Direct Instruction (20 minutes)
- Share with students that the phrase “We the People” emphasizes that the Constitution is created and ratified by the people and not just the government.
- Provide students with handouts on the 14th Amendment and have them read and analyze the amendment in small groups.
- Discuss as a class the role of the 14th Amendment in expanding the rights and protections afforded to citizens.
- Share with students the Supreme Court cases that have invoked “We the People” (District of Columbia v. Heller and Citizens United v. Federal Election Commission) and have them read and analyze the cases in small groups
- Discuss as a class the role of these cases in interpreting the Constitution to protect individual rights from government infringement.
Guided Practice (20 minutes)
- Have students conduct further research on the phrase “We the People” and its significance in shaping American law and civic identity.
- Students can use online resources or other materials provided by the teacher to gather information.
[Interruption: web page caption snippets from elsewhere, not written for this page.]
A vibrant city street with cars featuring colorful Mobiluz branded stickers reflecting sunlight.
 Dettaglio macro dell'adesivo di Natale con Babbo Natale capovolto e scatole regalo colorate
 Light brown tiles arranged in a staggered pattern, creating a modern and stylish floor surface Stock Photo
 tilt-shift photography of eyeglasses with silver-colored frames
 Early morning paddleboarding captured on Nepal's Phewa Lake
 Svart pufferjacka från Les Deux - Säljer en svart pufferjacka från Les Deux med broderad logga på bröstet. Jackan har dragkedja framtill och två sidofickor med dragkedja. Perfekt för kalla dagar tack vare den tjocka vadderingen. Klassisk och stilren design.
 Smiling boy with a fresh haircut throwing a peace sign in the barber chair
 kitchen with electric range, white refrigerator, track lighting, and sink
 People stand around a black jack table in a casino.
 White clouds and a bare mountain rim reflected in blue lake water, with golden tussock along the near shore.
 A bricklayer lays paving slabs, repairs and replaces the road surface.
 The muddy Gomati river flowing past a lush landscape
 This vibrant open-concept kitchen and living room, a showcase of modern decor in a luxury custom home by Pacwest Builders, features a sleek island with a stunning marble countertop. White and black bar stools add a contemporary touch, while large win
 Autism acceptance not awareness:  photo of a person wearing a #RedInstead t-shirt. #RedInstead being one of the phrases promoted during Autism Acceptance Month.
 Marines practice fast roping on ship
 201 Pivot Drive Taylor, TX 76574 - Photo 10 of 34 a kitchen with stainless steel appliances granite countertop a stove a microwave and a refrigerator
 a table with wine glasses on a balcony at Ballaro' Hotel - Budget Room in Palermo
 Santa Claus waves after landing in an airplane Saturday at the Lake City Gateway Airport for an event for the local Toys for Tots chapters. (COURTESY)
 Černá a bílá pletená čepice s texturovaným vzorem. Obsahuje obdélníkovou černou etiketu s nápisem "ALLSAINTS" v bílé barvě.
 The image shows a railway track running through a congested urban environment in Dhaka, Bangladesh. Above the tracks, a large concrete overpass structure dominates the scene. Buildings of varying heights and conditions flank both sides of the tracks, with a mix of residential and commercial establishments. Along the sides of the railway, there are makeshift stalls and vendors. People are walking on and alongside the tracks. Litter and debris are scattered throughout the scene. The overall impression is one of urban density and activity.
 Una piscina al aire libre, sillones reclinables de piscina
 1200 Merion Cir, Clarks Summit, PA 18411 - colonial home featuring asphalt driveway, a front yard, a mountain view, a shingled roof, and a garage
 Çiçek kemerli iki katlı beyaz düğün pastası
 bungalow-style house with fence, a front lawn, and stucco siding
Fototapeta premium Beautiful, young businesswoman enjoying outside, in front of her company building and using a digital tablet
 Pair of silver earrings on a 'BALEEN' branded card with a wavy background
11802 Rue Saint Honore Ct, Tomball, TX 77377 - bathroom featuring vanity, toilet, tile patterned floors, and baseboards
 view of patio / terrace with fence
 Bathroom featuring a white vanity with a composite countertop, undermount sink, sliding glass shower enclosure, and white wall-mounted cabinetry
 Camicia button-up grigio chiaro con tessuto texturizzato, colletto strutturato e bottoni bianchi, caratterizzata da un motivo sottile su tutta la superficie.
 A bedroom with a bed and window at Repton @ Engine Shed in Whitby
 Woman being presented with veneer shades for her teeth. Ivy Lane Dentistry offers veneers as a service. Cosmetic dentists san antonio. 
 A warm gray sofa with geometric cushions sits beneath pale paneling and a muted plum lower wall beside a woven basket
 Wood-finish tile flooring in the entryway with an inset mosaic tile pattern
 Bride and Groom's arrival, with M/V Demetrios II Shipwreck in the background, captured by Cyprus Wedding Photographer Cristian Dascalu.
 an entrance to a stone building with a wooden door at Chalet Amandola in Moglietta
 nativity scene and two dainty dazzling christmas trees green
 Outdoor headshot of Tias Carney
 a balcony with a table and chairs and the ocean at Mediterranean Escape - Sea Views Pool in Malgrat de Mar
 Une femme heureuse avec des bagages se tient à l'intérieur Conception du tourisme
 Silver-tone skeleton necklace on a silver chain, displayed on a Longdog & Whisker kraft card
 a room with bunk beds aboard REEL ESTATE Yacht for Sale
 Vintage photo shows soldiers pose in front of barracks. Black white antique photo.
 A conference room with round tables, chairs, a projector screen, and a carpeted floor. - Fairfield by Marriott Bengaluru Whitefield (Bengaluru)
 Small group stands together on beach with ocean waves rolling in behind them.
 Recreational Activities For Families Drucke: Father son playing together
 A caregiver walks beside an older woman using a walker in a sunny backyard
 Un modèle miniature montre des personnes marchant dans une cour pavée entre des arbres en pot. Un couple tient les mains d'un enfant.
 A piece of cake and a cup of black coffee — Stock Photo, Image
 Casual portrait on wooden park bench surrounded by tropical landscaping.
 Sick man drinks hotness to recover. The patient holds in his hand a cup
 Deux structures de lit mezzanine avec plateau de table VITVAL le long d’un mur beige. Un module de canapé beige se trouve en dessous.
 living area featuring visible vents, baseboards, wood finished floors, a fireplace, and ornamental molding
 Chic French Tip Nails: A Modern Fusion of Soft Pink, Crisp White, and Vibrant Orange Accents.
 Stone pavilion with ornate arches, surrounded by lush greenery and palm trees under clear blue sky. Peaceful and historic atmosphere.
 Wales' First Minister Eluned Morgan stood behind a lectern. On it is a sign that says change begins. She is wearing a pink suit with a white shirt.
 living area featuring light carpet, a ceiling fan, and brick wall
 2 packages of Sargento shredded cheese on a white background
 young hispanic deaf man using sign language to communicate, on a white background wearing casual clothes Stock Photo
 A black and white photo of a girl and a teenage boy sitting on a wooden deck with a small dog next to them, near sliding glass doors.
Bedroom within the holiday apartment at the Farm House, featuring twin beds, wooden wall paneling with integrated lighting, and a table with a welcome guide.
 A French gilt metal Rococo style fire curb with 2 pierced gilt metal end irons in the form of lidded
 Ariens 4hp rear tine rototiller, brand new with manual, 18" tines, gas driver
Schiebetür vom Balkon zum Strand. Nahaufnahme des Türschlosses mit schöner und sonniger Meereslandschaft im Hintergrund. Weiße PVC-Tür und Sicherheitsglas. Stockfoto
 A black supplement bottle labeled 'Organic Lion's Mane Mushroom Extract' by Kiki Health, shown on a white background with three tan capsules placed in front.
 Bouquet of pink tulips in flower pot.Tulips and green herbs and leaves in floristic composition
- Have students present their findings to the class in a short presentation.
Independent Practice (20 minutes)
- Have students write a short essay on the importance of the phrase “We the People” in the Constitution and its role in shaping American law and civic identity.
- Encourage students to include specific examples and analyses in their essays.
- Collect and review essays for understanding and mastery of the objective.
Closure (10 minutes)
- Summarize the lesson’s main points and the significance of the phrase “We the People” in the Constitution.
- Ask students to share their final thoughts on the phrase and its importance.
- Remind students that the phrase “We the People” is not just a historical relic but still has relevance in shaping American law and society today.
- Student participation in class discussions
- Small group analysis of the 14th Amendment and Supreme Court cases
- Student research and presentation
- Written essay on the importance of “We the People” in the Constitution
Note: The time frame is approximate and can be adjusted at the teacher’s discretion. The lesson plan can be adapted for different grade levels and contexts.